The targeting of Martyrs’ Day, analysts argue, reflects a broader pattern of silencing within Kashmir since 2019. Even mourning has become politicized.
Yet despite the bans and barriers, the day continues to resonate in private spaces and quiet remembrance.
“July 13 is a reminder of the sacrifices that root us in our struggle for justice,” said Ather Zia, a Kashmiri poet and anthropologist, while speaking to JFA. “No state can erase that faith.”

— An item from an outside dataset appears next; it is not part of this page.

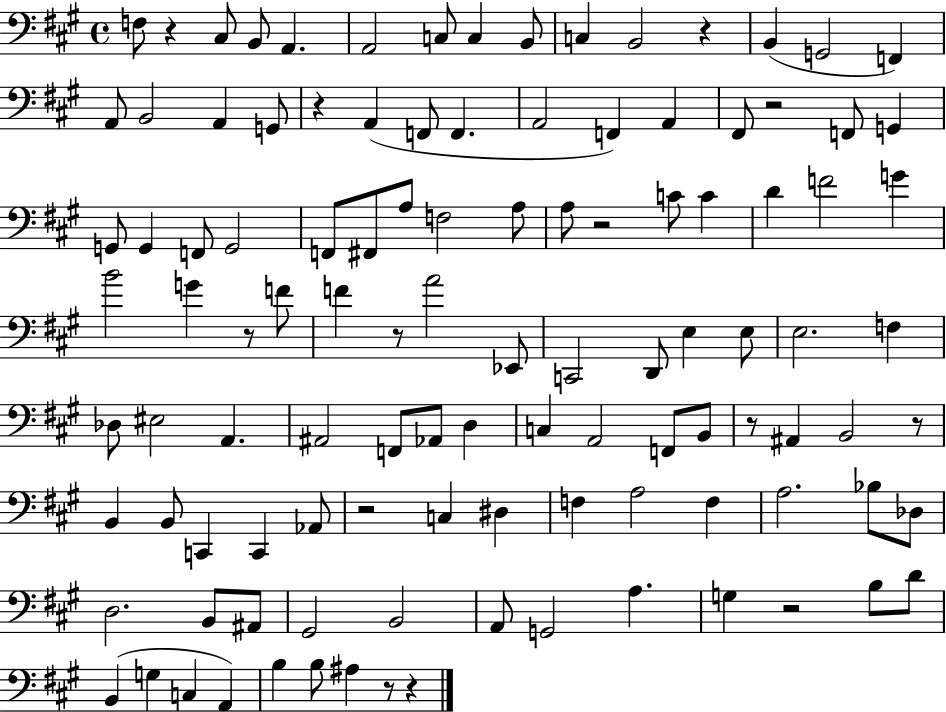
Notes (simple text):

F3/e R/q C#3/e B2/e A2/q. A2/h C3/e C3/q B2/e C3/q B2/h R/q B2/q G2/h F2/q A2/e B2/h A2/q G2/e R/q A2/q F2/e F2/q. A2/h F2/q A2/q F#2/e R/h F2/e G2/q G2/e G2/q F2/e G2/h F2/e F#2/e A3/e F3/h A3/e A3/e R/h C4/e C4/q D4/q F4/h G4/q B4/h G4/q R/e F4/e F4/q R/e A4/h Eb2/e C2/h D2/e E3/q E3/e E3/h. F3/q Db3/e EIS3/h A2/q. A#2/h F2/e Ab2/e D3/q C3/q A2/h F2/e B2/e R/e A#2/q B2/h R/e B2/q B2/e C2/q C2/q Ab2/e R/h C3/q D#3/q F3/q A3/h F3/q A3/h. Bb3/e Db3/e D3/h. B2/e A#2/e G#2/h B2/h A2/e G2/h A3/q. G3/q R/h B3/e D4/e B2/q G3/q C3/q A2/q B3/q B3/e A#3/q R/e R/q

Zia described the resistance in Kashmir not simply as political but spiritual. “In Kashmir, resistance is an obligatory prayer offered with every gasp of air,” she wrote in a poem shared for the occasion. “Azadi is a harkening, to the foremothers and forefathers of resistance, to the prayer that is still being prayed, to the martyrs rising one after another.”
For many in the valley, the weight of this history is no longer carried in public events, but in hushed conversations and personal reflection.
“It’s not just the holiday they took away,” said a young student from downtown Srinagar, requesting anonymity. “They are trying to erase the feeling that this day ever mattered. But how do you erase something every household remembers?”
A student from Baramulla said the crackdown around July 13 was not surprising anymore.
“They’ve made it so normal now,” she said. “No announcements, no gatherings, no media coverage. It’s like we are expected to forget, but we haven’t.”
Across the valley, that spirit persists, even as security forces try to bury it under silence. To many, remembering is no longer a ceremony but a form of defiance. And in Kashmir, where even memory is watched, the quiet act of recalling July 13 has itself become a resistance that refuses to fade.